- PROBLEM TO WORK ON -
From the line containing "Mochila De Nylon Con Colgante De Corazón" to the last line of the listing, transcribe exactly and add nothing else; keep both ends and omit pictures.

- SUPPLIED INFORMATION -

────

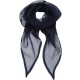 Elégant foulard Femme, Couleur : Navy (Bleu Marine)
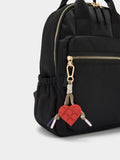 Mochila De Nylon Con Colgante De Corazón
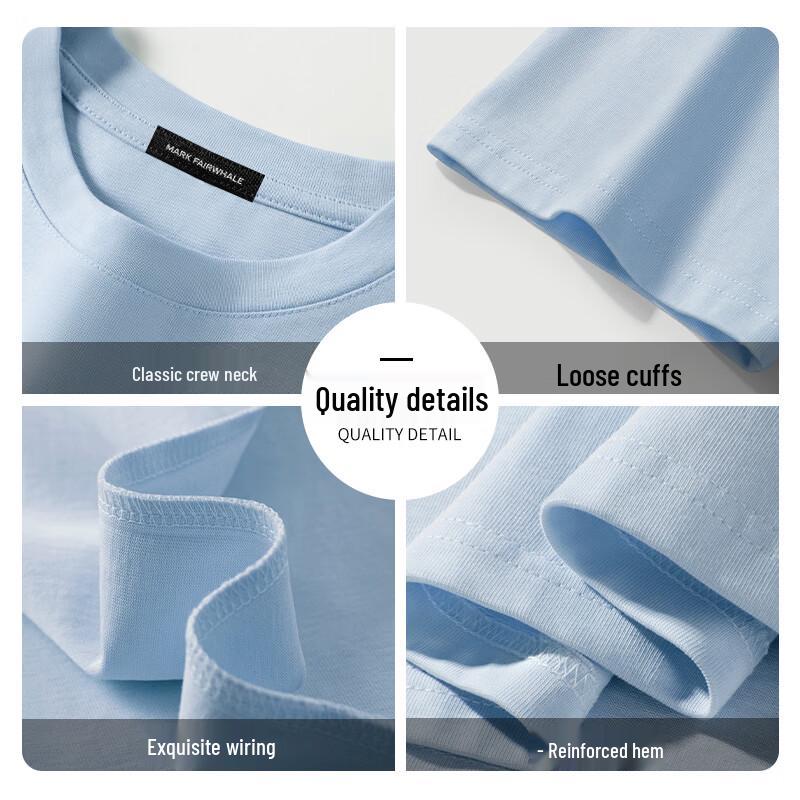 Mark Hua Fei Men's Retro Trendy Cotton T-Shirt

────

- SOLUTION TO THE PROBLEM -
 Mochila De Nylon Con Colgante De Corazón
 Mark Hua Fei Men's Retro Trendy Cotton T-Shirt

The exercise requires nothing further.